ITI Catholic University
- Motto: Sicut Cervus ad Fontes
- Type: Private
- Established: 1996
- Affiliations: Roman Catholic
- President: Dr. Bernhard Dolna
- Grand Chancellor: Christoph Cardinal Schönborn
- Faculty: Dr. Michaela Hastetter Dr. Thomas Möllenbeck Fr. Josef Spindelböck Dr. Gintautas Vaitoska Dr. Michael Wladika and more
- Location: Schloss Trumau, Austria
- Website: ITI.AC.AT

= International Theological Institute =

ITI Catholic University (German: Katholische Hochschule ITI) is a Catholic theological school in Austria. The school was founded in 1996 as the International Theological Institute at the request of Pope John Paul II. It was then located in the Kartause Gaming and moved in 2009 to Schloss Trumau near Vienna. Its motto is 'Sicut cervus ad fontes'. The ITI's patrons are St. Thérèse of the Child Jesus, St. Thomas Aquinas and St. Zdislava of Lemberk.

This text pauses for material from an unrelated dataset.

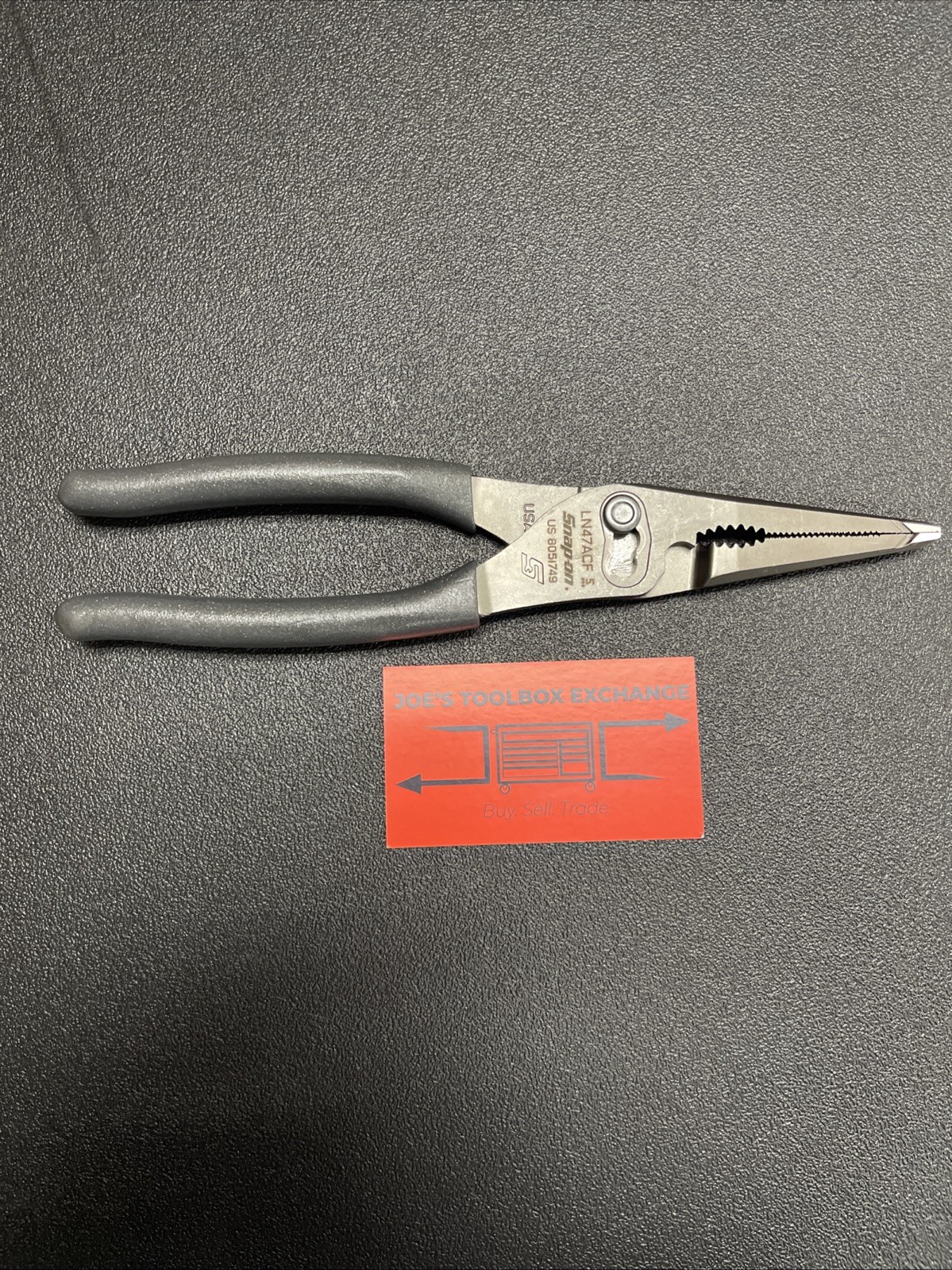 Snap-On Tools USA NEW DARK TITANIUM Grip Long Nose Slip Joint Pliers LN47ACF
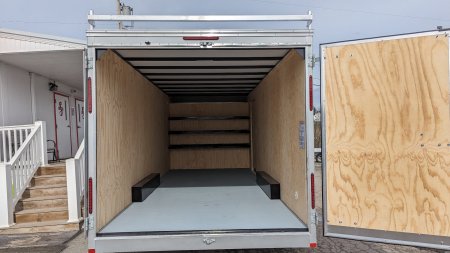 New 2025 Car Mate 8x18 HD Custom Contractor Trailer w/ Barn Doors (9990# GVW)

The ITI's mission, as established by Pope John Paul II, unites in a special manner the Eastern and Western traditions of the Church. The Mass/Divine Liturgy is celebrated daily in both the Roman and Byzantine Rites respectively. From its inception the ITI has also given special attention to marriage and family. The Institute employs the Great Books method in its pedagogy in preference to lecture-based instruction in the encyclopedist tradition. The ITI is committed to the primacy of Thomas Aquinas in Philosophy and Theology, it gives a special weighting to the Greek Fathers.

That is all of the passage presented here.